Top-Manager trotz Sparkurs angestellt: BER bekommt neuen Technikchef

Die Flughäfen leiden an der Coronakrise, es gilt einen Einstellungsstopp. Bei den Top-Positionen wird aber nicht gespart.

Wenige Monate vor der Eröffnung des BER am 31. Oktober 2020 ist wieder ein neuer Technikchef im Anflug: Nach Tagesspiegel-Informationen soll der Ingenieur und Baumanager Christoph Schäfer neuer Geschäftsbereichsleiter Bau und Technik bei der Flughafengesellschaft Berlins, Brandenburgs und des Bundes (FBB) werden.

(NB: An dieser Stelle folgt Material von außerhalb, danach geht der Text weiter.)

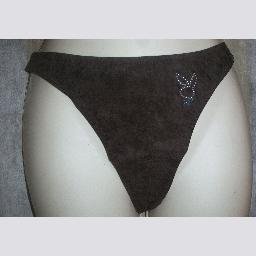 NWT Playboy Brown Suede Feel Bikini Thong w Bunny M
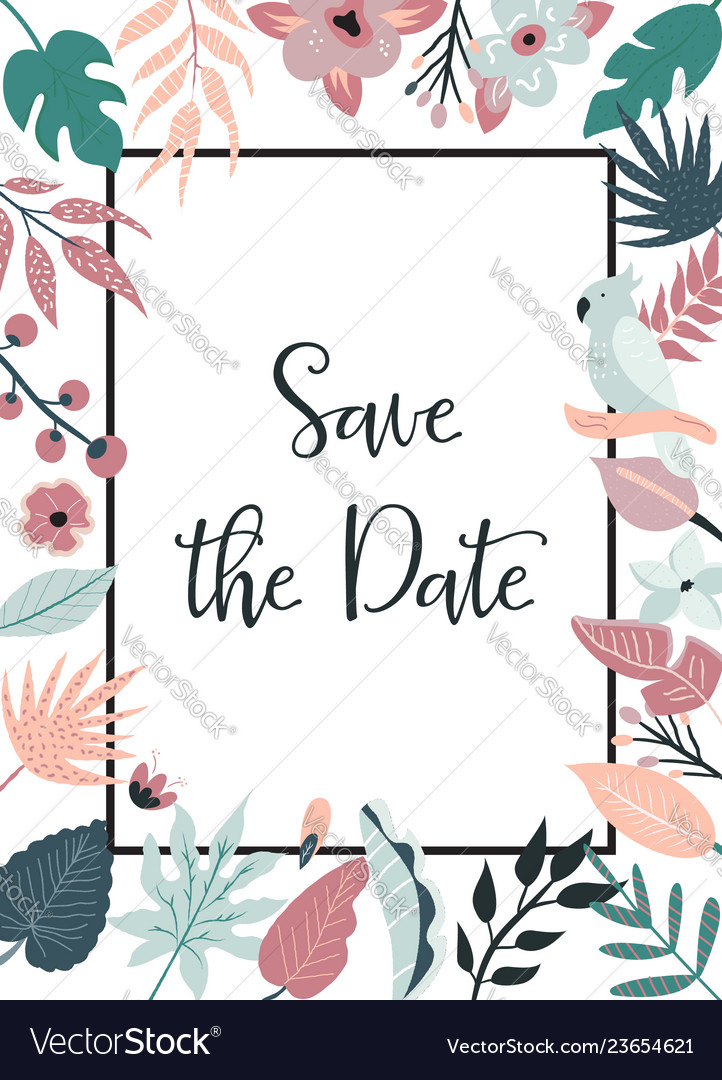 Bright invitation with flowers and palm leaves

Vorgänger Carsten Wilmsen hatte nach nur zwei Jahren vorzeitig den Rückzug angetreten. Es geht um einen der gut dotierten Jobs der zweiten Führungsebene der FBB, wo man schon mehr verdient als ein Regierungschef in Berlin oder Brandenburg.

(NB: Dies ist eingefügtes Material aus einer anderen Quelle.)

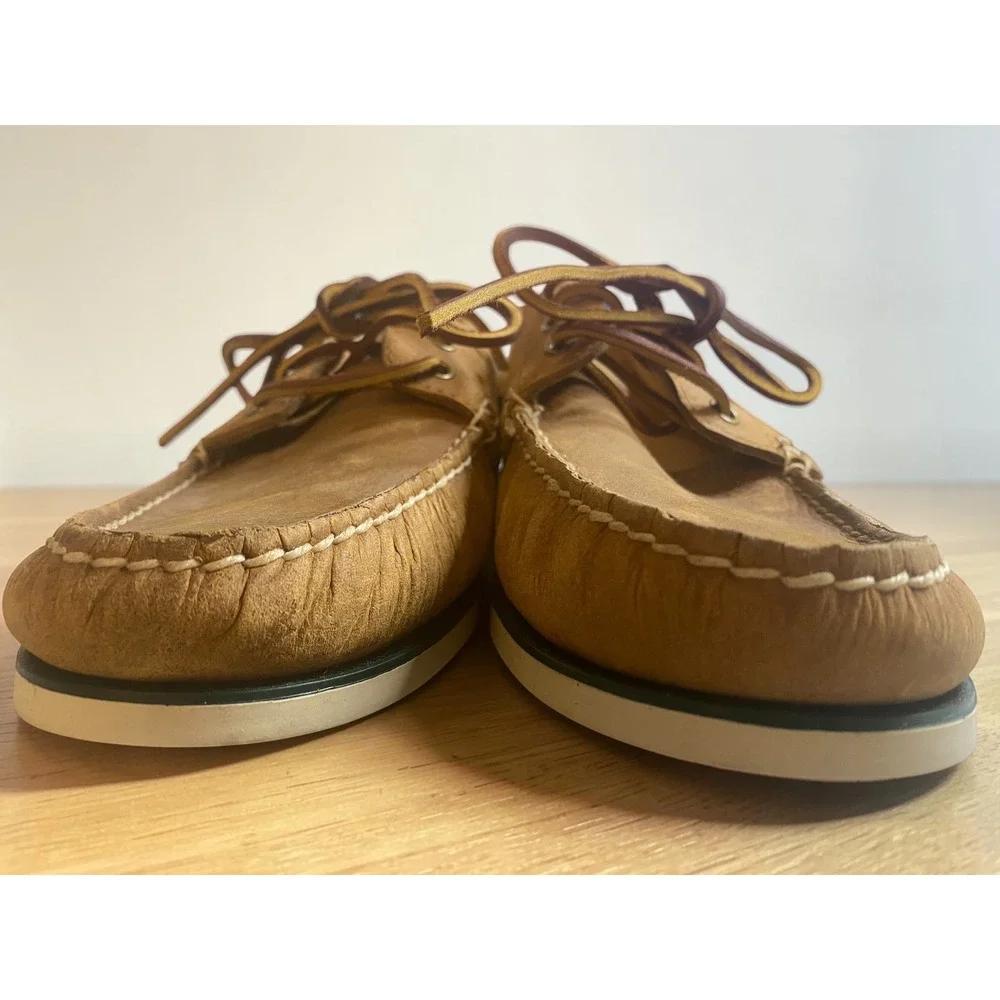 Polo Ralph Lauren Bienne Tan Leather Boat Shoes Men's 9.5D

Der 48-Jährige, der nach Tagesspiegel-Informationen für ein Jahresgehalt von 230.000 Euro angeheuert wird, ist bislang Bereichsleiter und Prokurist bei der Strabag in Hessen. Die Personalie soll am Freitag im Aufsichtsrat beschlossen werden.

Auf der Tagesordnung stehen auch der Vorbereitungsstand beim BER–Start, die Auswirkungen der Coronakrise und die dadurch noch größere Schieflage bei den FBB-Finanzen.

Die FBB bekommt damit seit 2012 bereits den sechsten Technikchef. Schäfer hat Karriere bei Baukonzernen gemacht, war etwa Projektleiter bei Hochtief, auch Geschäftsführer einer Tochter des Bilfinger-Konzerns, hat bereits ICE-Strecken und an Flughäfen gebaut.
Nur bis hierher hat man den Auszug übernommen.